Please output exactly the part of the records below that opens with the line containing "Satılır 4 otaqlı" and closes with the line containing "<p>2016 MERCEDES-BENZ A", both lines included, and nothing else.

— SUPPLIED DATA —
====

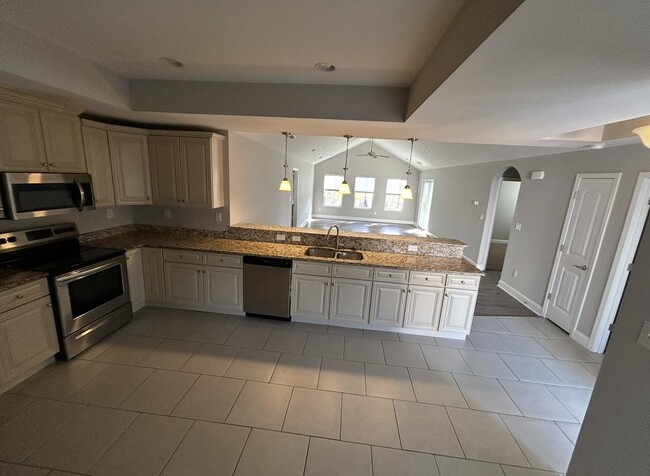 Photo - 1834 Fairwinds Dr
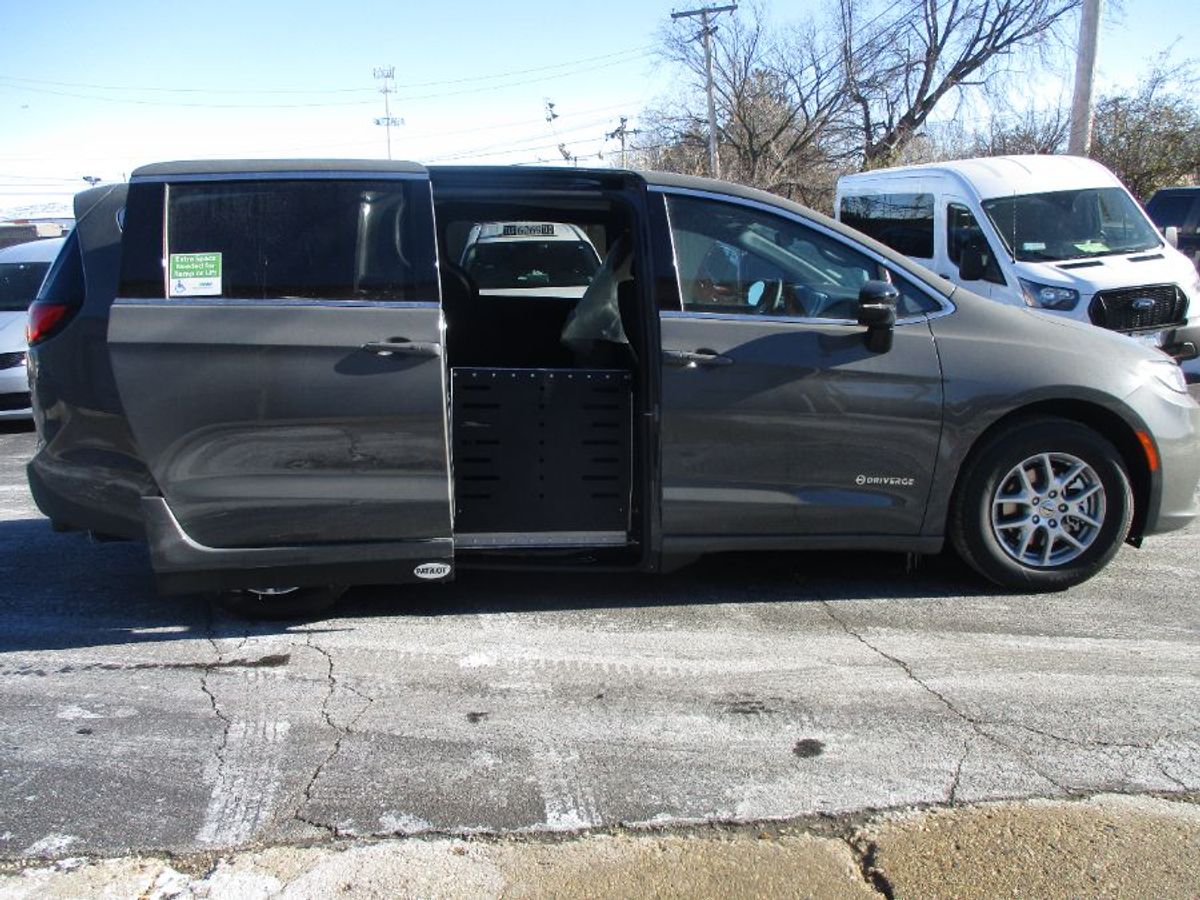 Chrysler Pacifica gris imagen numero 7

====

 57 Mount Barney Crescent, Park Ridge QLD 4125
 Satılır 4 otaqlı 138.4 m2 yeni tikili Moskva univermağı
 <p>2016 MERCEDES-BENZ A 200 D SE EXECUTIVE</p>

====

— SOLUTION TO THIS TASK —
 Satılır 4 otaqlı 138.4 m2 yeni tikili Moskva univermağı
 <p>2016 MERCEDES-BENZ A 200 D SE EXECUTIVE</p>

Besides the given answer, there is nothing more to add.